→ WORK ORDER:
In the records below, find the line containing "OCYCLONE Samsung Galaxy" and the line containing "Our Short Stack"; please repeat exactly the lines from one to the other, both included, and nothing more.

→ Items listed in a dataset:
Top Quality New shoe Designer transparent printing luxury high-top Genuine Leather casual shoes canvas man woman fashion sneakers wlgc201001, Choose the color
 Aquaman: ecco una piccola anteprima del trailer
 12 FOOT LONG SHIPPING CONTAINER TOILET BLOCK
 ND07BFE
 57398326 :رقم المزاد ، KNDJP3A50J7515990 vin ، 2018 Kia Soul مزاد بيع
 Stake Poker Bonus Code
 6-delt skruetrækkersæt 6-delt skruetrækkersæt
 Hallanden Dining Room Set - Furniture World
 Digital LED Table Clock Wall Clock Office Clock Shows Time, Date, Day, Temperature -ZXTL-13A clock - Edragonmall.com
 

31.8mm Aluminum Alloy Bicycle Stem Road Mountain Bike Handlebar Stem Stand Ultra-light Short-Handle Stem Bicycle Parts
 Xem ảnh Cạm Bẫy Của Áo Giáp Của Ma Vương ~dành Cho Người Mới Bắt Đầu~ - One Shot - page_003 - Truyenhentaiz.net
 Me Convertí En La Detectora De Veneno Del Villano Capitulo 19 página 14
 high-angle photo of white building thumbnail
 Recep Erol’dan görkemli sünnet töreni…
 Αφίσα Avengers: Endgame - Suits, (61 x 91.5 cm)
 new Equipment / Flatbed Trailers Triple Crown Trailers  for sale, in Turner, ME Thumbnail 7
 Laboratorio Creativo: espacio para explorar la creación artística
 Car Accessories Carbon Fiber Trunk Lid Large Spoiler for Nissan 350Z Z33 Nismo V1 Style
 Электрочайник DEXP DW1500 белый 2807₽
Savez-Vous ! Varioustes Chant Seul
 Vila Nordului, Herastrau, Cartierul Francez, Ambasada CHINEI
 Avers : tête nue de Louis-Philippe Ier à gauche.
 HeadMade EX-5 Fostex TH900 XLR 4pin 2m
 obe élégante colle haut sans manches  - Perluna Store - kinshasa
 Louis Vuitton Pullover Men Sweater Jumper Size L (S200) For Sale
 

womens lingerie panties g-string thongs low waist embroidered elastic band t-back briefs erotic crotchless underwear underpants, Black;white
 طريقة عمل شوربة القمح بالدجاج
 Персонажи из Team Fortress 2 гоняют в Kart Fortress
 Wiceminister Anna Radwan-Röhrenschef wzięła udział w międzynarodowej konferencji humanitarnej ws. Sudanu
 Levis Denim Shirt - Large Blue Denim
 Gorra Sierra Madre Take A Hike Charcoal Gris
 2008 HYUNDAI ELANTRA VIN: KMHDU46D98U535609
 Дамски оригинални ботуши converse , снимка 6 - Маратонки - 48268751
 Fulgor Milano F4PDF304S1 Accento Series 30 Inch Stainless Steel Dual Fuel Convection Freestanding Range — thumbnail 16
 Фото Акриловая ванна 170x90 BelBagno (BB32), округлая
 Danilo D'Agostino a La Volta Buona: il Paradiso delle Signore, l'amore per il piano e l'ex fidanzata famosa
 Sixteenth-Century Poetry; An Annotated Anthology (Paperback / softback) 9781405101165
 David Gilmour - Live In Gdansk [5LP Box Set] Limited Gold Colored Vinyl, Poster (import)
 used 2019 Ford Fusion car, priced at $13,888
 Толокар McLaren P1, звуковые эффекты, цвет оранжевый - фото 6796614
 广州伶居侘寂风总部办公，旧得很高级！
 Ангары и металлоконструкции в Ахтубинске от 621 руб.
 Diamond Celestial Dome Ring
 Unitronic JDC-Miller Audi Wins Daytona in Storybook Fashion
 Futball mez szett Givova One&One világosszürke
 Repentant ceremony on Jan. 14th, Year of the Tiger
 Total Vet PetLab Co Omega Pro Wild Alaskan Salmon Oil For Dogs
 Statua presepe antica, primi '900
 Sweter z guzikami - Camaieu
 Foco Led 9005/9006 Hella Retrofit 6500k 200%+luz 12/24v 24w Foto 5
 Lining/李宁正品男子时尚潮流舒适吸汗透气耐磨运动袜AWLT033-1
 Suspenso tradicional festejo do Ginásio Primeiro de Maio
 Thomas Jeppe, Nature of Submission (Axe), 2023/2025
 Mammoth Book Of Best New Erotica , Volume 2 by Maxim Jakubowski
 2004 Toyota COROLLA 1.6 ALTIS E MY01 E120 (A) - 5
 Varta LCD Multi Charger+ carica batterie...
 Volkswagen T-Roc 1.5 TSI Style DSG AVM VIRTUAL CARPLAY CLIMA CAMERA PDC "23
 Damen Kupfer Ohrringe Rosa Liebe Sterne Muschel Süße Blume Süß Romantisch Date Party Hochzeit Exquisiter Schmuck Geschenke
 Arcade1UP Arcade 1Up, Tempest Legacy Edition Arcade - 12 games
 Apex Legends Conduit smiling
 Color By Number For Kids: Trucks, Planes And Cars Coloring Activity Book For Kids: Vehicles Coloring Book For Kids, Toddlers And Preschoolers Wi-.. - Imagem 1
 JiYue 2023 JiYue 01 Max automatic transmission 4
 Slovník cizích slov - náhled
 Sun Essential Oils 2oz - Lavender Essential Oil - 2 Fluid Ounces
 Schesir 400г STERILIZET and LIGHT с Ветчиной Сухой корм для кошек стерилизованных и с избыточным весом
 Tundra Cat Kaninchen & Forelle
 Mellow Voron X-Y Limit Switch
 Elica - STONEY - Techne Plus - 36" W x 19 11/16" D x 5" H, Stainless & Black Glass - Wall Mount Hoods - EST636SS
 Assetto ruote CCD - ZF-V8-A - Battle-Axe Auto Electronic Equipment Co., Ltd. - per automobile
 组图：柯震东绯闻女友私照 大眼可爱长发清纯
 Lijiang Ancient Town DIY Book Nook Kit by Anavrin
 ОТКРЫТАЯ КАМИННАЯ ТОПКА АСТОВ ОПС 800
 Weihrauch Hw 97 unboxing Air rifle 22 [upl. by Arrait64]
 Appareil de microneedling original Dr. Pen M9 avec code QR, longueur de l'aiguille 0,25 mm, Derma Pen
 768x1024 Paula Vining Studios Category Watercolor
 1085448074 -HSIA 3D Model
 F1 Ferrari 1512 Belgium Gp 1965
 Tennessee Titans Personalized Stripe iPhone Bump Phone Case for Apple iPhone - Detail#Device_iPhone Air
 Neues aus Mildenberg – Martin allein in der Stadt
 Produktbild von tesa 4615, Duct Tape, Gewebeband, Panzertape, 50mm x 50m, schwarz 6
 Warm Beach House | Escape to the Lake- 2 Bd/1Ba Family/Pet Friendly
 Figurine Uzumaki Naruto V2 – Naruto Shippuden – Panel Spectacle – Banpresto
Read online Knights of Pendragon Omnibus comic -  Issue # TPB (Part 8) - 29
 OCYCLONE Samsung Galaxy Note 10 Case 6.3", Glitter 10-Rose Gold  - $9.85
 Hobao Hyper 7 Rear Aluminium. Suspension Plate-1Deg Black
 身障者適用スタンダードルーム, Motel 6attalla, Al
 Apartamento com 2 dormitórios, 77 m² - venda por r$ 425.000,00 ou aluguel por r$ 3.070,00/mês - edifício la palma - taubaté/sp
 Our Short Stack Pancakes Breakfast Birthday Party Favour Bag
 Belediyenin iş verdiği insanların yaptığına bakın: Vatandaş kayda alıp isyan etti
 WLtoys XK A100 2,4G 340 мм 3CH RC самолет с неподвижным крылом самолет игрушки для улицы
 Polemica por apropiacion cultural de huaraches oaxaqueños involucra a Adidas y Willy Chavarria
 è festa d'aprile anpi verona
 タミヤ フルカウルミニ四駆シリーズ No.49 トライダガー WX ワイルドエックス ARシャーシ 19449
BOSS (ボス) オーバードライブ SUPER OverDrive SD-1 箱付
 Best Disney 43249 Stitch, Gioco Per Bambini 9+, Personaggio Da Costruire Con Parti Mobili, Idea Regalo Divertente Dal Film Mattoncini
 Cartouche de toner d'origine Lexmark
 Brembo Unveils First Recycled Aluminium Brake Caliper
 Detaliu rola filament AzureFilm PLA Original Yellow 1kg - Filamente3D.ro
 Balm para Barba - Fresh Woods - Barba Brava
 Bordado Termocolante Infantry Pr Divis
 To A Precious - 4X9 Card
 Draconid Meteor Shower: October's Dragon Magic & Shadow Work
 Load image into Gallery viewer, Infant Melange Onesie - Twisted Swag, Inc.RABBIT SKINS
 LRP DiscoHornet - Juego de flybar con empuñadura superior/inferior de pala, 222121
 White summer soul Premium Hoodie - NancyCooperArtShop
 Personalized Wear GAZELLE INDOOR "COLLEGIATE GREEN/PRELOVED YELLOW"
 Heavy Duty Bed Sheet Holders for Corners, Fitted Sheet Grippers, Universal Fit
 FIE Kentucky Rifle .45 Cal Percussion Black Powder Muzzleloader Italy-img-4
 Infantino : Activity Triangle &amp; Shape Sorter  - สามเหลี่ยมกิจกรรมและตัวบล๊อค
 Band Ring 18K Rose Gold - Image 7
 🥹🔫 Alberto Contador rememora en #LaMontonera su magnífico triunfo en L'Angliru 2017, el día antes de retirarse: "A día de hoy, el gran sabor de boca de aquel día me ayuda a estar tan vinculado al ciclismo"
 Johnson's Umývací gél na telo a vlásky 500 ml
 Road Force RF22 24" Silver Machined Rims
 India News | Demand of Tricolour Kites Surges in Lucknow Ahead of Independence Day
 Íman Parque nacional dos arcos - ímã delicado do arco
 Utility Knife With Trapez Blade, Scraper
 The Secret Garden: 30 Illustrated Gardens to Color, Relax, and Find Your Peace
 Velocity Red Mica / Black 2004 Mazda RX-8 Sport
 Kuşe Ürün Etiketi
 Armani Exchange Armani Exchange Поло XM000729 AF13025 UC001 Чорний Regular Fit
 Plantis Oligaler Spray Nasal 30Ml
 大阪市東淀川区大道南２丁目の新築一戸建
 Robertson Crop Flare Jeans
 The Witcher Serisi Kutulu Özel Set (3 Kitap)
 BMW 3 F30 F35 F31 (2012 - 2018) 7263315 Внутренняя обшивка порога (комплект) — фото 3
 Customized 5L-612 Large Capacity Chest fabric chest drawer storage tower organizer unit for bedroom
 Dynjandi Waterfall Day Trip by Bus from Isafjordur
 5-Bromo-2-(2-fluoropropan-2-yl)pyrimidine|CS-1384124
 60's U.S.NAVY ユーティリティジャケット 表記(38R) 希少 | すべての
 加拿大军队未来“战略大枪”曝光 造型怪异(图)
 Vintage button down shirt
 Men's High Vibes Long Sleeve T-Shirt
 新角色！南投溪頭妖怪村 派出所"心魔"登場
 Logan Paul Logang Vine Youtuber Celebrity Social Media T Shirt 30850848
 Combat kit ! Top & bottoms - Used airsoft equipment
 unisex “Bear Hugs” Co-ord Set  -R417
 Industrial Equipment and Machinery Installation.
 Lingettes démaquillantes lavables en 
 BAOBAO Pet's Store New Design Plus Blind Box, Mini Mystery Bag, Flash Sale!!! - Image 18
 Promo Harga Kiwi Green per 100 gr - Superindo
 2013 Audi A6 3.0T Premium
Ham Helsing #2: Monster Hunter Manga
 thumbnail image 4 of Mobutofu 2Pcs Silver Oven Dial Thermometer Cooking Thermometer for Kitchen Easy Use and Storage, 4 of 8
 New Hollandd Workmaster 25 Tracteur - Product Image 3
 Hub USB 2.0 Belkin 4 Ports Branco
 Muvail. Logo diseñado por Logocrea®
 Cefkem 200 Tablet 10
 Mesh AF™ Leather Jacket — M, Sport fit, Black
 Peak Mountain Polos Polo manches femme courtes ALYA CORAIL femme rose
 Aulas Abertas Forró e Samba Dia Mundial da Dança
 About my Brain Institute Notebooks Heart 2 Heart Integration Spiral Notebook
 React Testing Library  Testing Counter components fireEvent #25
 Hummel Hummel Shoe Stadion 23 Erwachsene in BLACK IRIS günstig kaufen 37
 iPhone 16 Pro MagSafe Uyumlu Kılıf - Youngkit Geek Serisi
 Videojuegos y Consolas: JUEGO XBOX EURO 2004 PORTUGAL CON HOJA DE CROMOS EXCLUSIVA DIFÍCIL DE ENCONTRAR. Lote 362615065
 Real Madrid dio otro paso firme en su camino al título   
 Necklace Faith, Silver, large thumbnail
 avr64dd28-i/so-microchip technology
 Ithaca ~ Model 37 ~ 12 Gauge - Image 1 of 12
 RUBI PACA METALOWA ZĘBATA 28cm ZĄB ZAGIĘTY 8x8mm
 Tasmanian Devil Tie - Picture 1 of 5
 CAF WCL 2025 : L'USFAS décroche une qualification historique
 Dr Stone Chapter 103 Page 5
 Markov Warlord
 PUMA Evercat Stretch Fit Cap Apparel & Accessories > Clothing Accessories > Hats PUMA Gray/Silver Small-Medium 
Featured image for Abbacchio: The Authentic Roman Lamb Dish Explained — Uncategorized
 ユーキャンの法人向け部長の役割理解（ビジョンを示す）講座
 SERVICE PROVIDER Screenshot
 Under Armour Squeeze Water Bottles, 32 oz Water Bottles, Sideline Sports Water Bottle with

→ ANSWER SECTION:
 OCYCLONE Samsung Galaxy Note 10 Case 6.3", Glitter 10-Rose Gold  - $9.85
 Hobao Hyper 7 Rear Aluminium. Suspension Plate-1Deg Black
 身障者適用スタンダードルーム, Motel 6attalla, Al
 Apartamento com 2 dormitórios, 77 m² - venda por r$ 425.000,00 ou aluguel por r$ 3.070,00/mês - edifício la palma - taubaté/sp
 Our Short Stack Pancakes Breakfast Birthday Party Favour Bag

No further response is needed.